Clicks to Bricks: How Online Retailers are Winning In Stores
A great migration has begun: ecommerce companies are moving from online-only to physical retail. Their goal? Join the brick-and-mortar ranks—a market valued at roughly $22.6 trillion, over ten times the size of the ecommerce market.
Many of these online-to-offline ventures have found success. Men’s clothing brand Bonobos opened its first brick-and-mortar store in Los Angeles in 2014 and has 20 locations across the U.S. just two years later. Amazon launched its first physical bookstore in Seattle in 2015 and plans to open another in New York City in 2017. In 2016, the online designer dress rental service, Rent the Runway, saw the opening of its first “store-within-a-store” at the Union Square Neiman Marcus in San Francisco. Meanwhile, traditional brick-and-mortar retailers are shutting down: Macy’s announced the closure of 100 of its stores in August 2016 and 60 more in early January. They, alongside other department stores such as Nordstrom and J.C. Penney, are seeing foot traffic—and sales—lower.
So what’s the secret online retailers have to opening physical stores that industry veterans may be missing? First, they have a purpose for drawing customers to these new locations, whether it be to try products or attend in-store events. Second, they take the online lessons of optimization to the physical store, gathering in-store data and adjusting the experience to meet customer needs.
Define the Purpose of the In-Store Experience
According to PwC’s 2016 Total Retail study, foot traffic to brick-and-mortar stores has dipped, while the value of each customer that comes into a store is increasing. In vying for this limited and valuable attention, a compelling reason to visit a store makes a difference. Online brands have done this by creating a physical space that is a direct extension of their digital store.
Ani Collum, partner and retail strategist at Retail Concepts, cites Outdoor Voices as a successful example. The athletic apparel company opened its first store in Austin, TX in 2014, and has since opened four other locations. Consumers come to the store not just to shop, but to attend regular events hosted by the brand in-store. These events, such as sunrise yoga, map directly to the brand’s products and values and give consumers a reason to engage in-person. Online-first retailers like Outdoor voices know that without this kind of clear purpose for an in-store visit, consumers prefer to couch-shop—as was the trend on Black Friday this year. These modern retailers also understand the value of opening a managable number of stores, whereas traditional retailers are only now learning to curb their appetite for growth.
Driving the In-Store Experience with Data
Online-first retailers bring another important perspective to the physical retail experience: data. These brands rely heavily on the data they collect online about consumer shopping habits, and many of them take these lessons to their physical stores. For example, Birchbox, a subscription service brand, gathers data from iPads throughout its store. The NYC location also has cameras and heat sensors installed throughout to track customer movement in-store.
“Data is so overlooked,” says Nicole Nicole Leinbach Reyhle, founder and publisher of Retail Minded, “but it’s so readily available: the point-of-sale transactions, past sales per unit, even customer-specific details.”

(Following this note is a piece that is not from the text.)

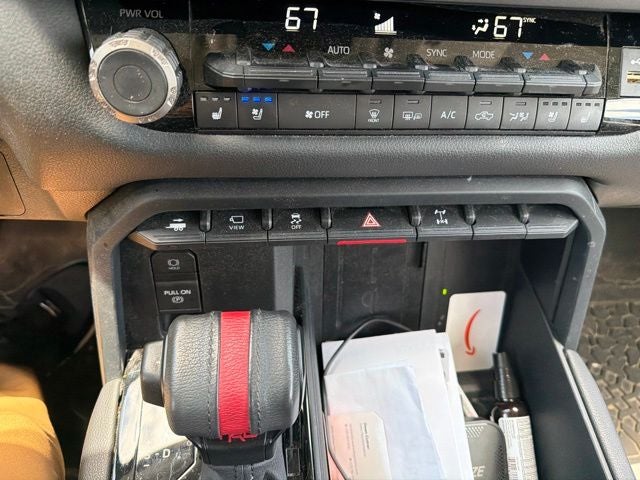 2022 Toyota Tundra Hybrid TRD Pro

A study by Cisco found that retailers who track and use in-store consumer behavior analytics can increase profits by nearly 16 percent. As brands begin to collect this behavioral data in stores the same ways they do online, they’ll be better equipped to draw consumers to their locations and convert them into paying, loyal customers.
Providing a Personal Touch
Personalized, on-demand customer service is yet another area where online retailers thrive. Online-first stores are accustomed to prioritizing customer service, integrating chat functions and 24/7 service lines to be there to type or talk before their stores existed. They know how to communicate via social media, too: Birchbox even experimented with using SnapChat for its customer service.

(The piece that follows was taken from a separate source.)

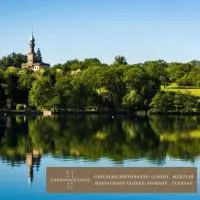 Relais & Chateaux Villa Crespi, hotel u gradu Orta San Đulio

Eyewear brand Warby Parker is another brand lauded for their customer service. Their entire reasoning for opening their flagship brick-and-mortar store in 2013 was in response to customer demand for a place to try on glasses in-person, Warby’s co-founder Neil Blumenthal told The Guardian. Consumers visit these locations not only try on glasses, but also to engage with associates for information and advice. Since 2013, the company has expanded its presence to 31 stores across the country.
These “clicks to bricks” brands know the value of customer service online and are at work translating it in-store. By defining the store’s purpose, brands give customers a reason to come in. In honing the experience with data and analytics, they provide consumers with an exceptional experience. And in prioritizing the personal touch, these brands build loyal followings that keep coming back.